Autre alternative dans la même démarche de donner au labo l’information sur le volume réel de l’attache globale :
Vous pouvez avant votre empreinte placer des transferts de boutons-pression (réf BAT) sur les boules et incorporer dans l’empreinte polymérisée des analogue de bouton-pression (réf BAR) afin que le laboratoire puisse placer sur son modèle de travail très précisément les boîtiers sur ces analogues et visualiser ainsi parfaitement le volume final de l’attache globale : le montage des dents et la finition de la résine sont ainsi réalisés sans qu’il y ait de risque d’interférences avec les boîtiers que vous placerez en bouche le jour de la connexion directe.

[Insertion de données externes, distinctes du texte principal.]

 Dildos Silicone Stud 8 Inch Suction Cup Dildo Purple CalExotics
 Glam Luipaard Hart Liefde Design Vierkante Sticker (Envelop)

La connexion se fait après une quinzaine de jours de port de la prothèse afin qu’elle soit bien en place sur son appui ostéo-muqueux (des retouches auront pu être faites pendant cette période de mise en palce sans que la prothèse soit retenue par les implants).
Le protocole est alors identique à celui de la technique directe précédemment décrite dans le premier chapitre
3-2/ Polymérisation et connexion au laboratoire
Il est dans ce cas absolument nécessaire, au moment de l’empreinte secondaire, de reproduire la position des boutons-pressions pour le maître modèle.
L’empreinte est réalisée avec un matériau souple type Permlastic® de Kerr ou Impregum® de ESPE.
Il faut utiliser des transferts spécifiques (ref : BAT) qui sont positionnés en bouche pour la prise d’empreinte. Le porte empreinte individuel doit être spécialement aménagé par le laboratoire pour être placé sans interférences sur les transferts.
Les répliques des parties mâles (ref BAR) sont alors clippées dans les transferts. Le maître modèle est alors coulé pour la phase prothétique au laboratoire : polymérisation de la prothèse et connexion des boitiers.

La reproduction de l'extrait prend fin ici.